Münih’in hem tipik Alman kenti hem de bir dünya metropolü havası var. Bir yandan tarihi atmosferini mükemmel şekilde koruyup diğer yandan günümüzün yaşam biçimini sunabilen pek fazla yer yok. İşte bu yüzden Münih mutlaka görülmesi gereken bir şehir. Şehrin en renkli zamanı ise kuşkusuz, 6 milyona yakın biraseverin dünyanın dört bir yanından gelip, devasa çadırlarda toplandığı, devasa bardaklarda Bavyera’nın leziz biralarını içerek eğlendiği Oktoberfest dönemi. 184 yıldır Ekim ayında düzenlenen bu festival iki hafta sürüyor ve festival eğlenceleri Theresienwiese panayır alanından taşıp şehrin her yerine yayılıyor.

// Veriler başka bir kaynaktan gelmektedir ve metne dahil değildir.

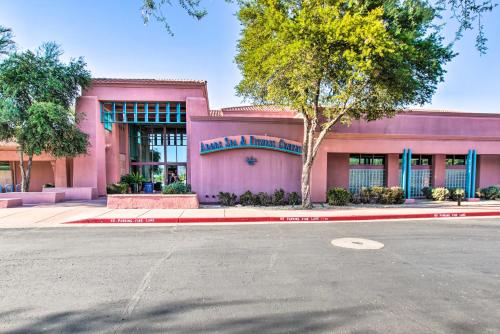 Welcoming Surprise Home with Patio and Spacious Yard in ซันซิตี้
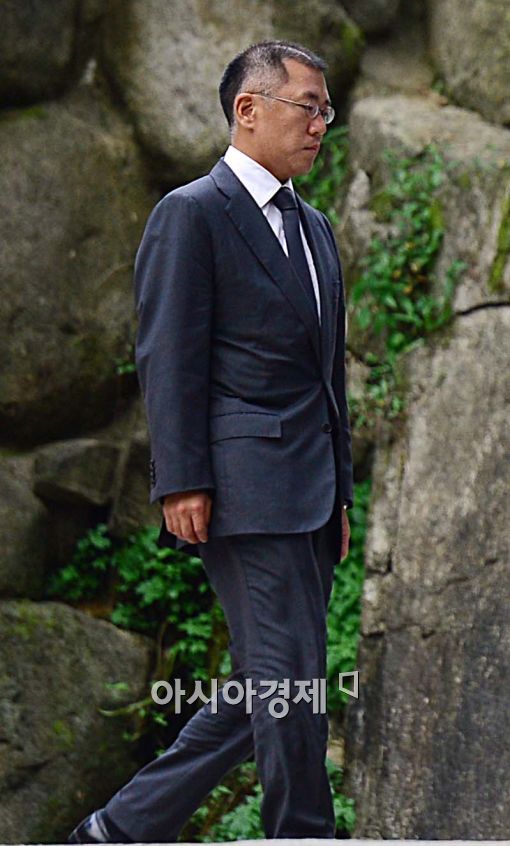 [포토]걸어가는 정의선 부회장
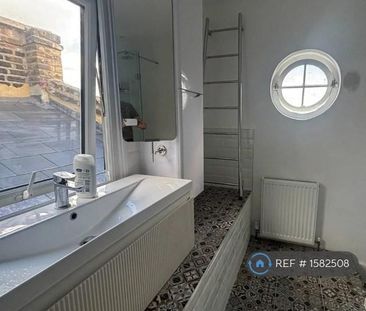 1 bedroom in a house share to rent - Photo 6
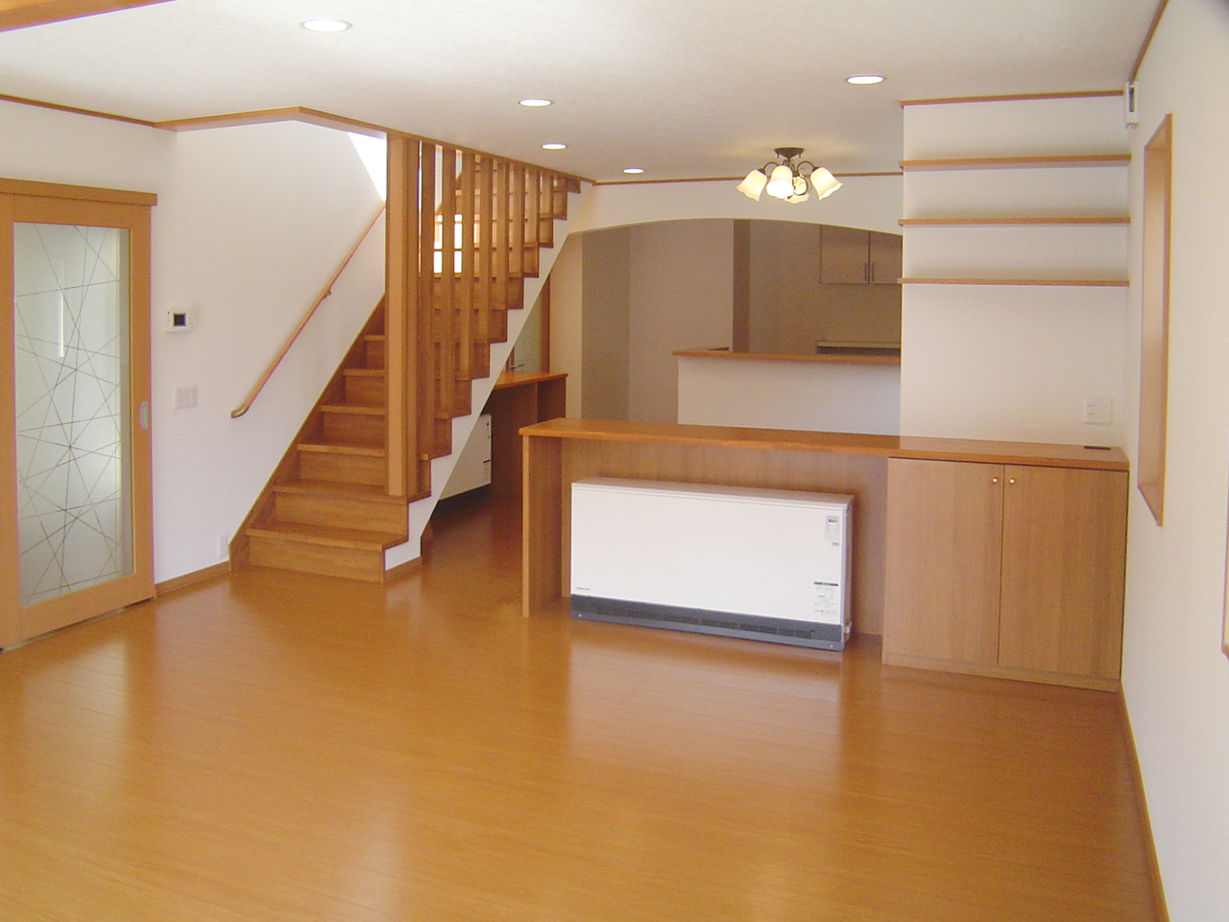 ジェイ・ケイ・ハウス（いわき・北茨城） 【いわき／カーポート／オール電化】中庭を通じて住まいの隅々まで光を採り込む南欧風デザインの家の建築実例画像4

Elbette Münih’in sunduğu güzellikler yalnızca Oktoberfest ile sınırlı değil. 1158 yılından bu yana Münih’in en hareketli noktası olan Marienplatz için şehrin merkezi diyebiliriz. 19. yüzyıl Neo-Gotik mimarisinin tipik bir örneği olan Neues Rathaus bu meydanda yer alıyor. 85 metre yükseklikteki kulesine çıkarsanız muhteşem Münih manzarasını seyredebilirsiniz. Yine aynı meydanda yer alan Eski Belediye Sarayı Altes Rathaus orijinal tasarımını 2. Dünya Savaşı’nda kaybetmiş olsa da 15. yüzyıl ruhunu hala taşıyor ve aynı zamanda Münih Oyuncak Müzesi‘ne ev sahipliği yapıyor. Münih’in en önemli ve en eski kilisesi olan St. Peter Kilisesi da Marienplatz’ta yer alıyor. Kilisenin tarihi 11. yüzyılın başlarına kadar uzansa da, mimarisi 17. yüzyılda Rönesans çizgilerine göre yeniden şekillendirilmiş. 17. yüzyılda Barok tarzda inşa edilen yazlık konut Nymphenburg Sarayı’nın bahçeleri de en az kendisi kadar güzel ve yürüyüş için çok ideal.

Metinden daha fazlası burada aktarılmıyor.